In reply to by Carroll Boswell

Peter Adamson on 14 November 2019


I don't think that's quite right. Take any (supposed) phenomenon you like, call it P. Zeno says "I have an argument to show that P is contradictory" and Newton says, "I have a way of thinking about P that doesn't seem to involve a contradiction." Unless Newton shows exactly where Zeno's argument went wrong - that either the argument is invalid or has false premises - then he hasn't defused the argument, he's only given you a model for thinking about it that does not contradict itself.

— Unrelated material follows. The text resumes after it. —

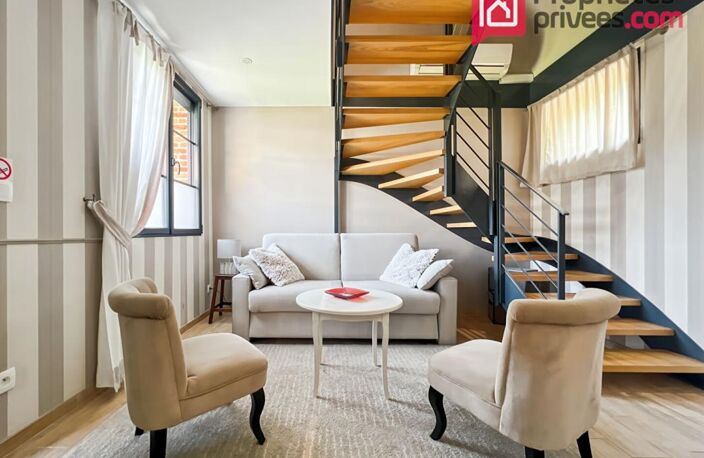 Demeure de prestige — photo 5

To put it another way, positively offering a story about how something could work is not the same as refuting a negative argument that it can't work. To do that you have to address the argument directly, and the point we've been discussing is that you can't address Zeno's argument just with mathematics since his argument isn't purely mathematical.

See what I mean?

In reply to by Peter Adamson

Alexander Johnson on 15 November 2019

Zeno's Paradox

Of course, both of this is assuming that Zeno whoever Zeno was trying to show was inconsistent (probably Pythagoreans) would have considered and accepted the notion that math and the real world don't correspond.  Given that the models suggest a mathematical atomism (continuity is the sum of points), and that motion is a real-world phenomenon, I strongly doubt that Zeno's opponent would have granted such as suggestion.  So, if the position Zeno is responding to will remain intact, it needs to respond to both. 

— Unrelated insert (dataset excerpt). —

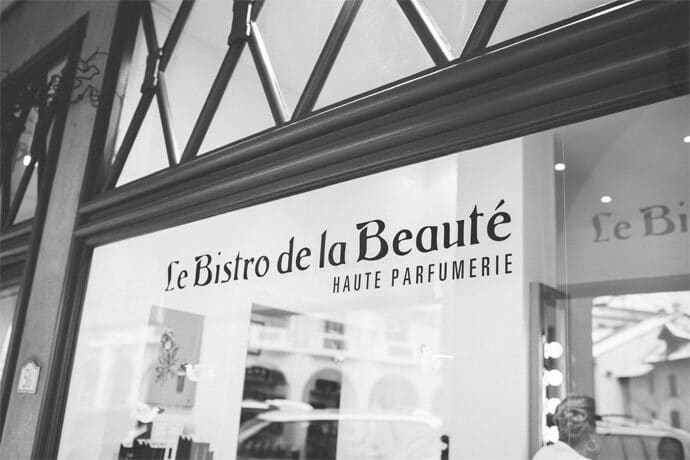 mariage_emmeline_matthieu_haute_savoie_blog_01-6143439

However, that still leaves the possibility that Newton solved half the problem, though prior to calculus.  However, this isn’t clear either.  For one, Pythagorean atomism, which suggests that a continuum is a unity of points still has a couple of problems.  After this, the doubt in mathematics wasn’t the possibility of continuum based mathematics (such as adding two line segments, or multiplying two line segments into a rectangle), but rather that a continuum was an infinite collection of points.  Newton in “De Analysi Per Aequationes Numero Terminorum Infinitas” was able to show that math through infinite series of discrete numbers could be as soundly proven as algebra and geometry, but that doesn’t quite show that an infinite discrete sum is a value rather than approaches a value, prior to the operations that cancel out the infinite scale [likewise, the meaning of the sum of 1-2+4-8+16-32…..=1/3 is still debated].  We can see this debate continue in philosophy from the example given of the light switch (I don’t remember who), where we consider a light that is turned off and on each time Achilles reaches where the turtle was, will the light be on or off when Achilles finally reaches the turtle? Or will Achilles have to break the pattern of running only to where the turtle was?

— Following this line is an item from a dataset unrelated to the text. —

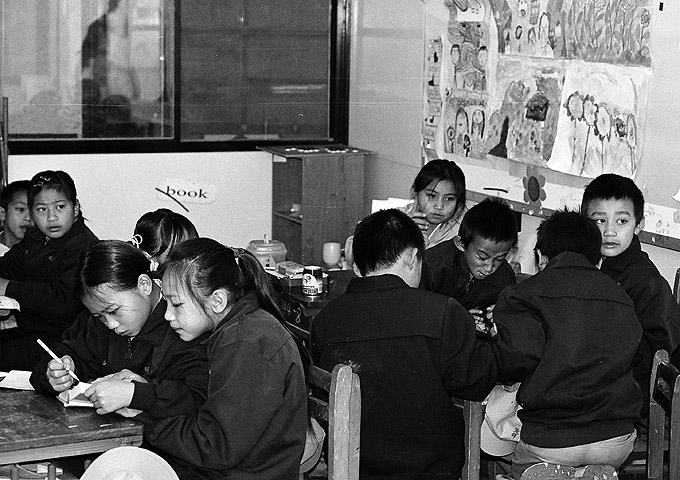 按此在新視窗瀏覽圖片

Meanwhile, in the reality side, though my physics is worse, I believe at least in many circles, it is accepted that reality is discrete, not continuous.  Zeno had his own response to this, which I can sum up as, let ABCD be a body that exists at point 0,1,2,3.  Let EFGH be a body that exists at point 1,2,3,4.  Now let both of them travel at the slowest speed possible towards one another.  After one unit of time, A is now at 1, and E is now at 0.  However, this means that A has travelled 2 spaces with respect to E, and essentially “jumped over it”, which implies a slower speed.  This paradox, however, has been more adequately addressed.  In the physical world, things can in fact move slower, because they exist in a probabilistic state.  If you consider A as existing in a probabilistic cloud, it can still move slower than any theoretical slowest, by shifting its probability less than one plank length.  This will result in the average expected location moving less than 1 plank length, even though it would be impossible for something to actually move less than 1 plank length.  All you need mathematically to address that paradox is probability theory, and this actually addresses both reality and mathematics, rather than just solving it on the mathematical side.

I hope either of you found this helpful! (and that i hope i didn't make any mistakes!)

In reply to by Alexander Johnson

Carroll Boswell on 15 November 2019

Zeno's Paradox

I am not sure I do understand you, and I will clearly have to consider your response and this whole question a lot more. I really appreciate you taking time to help me out, though.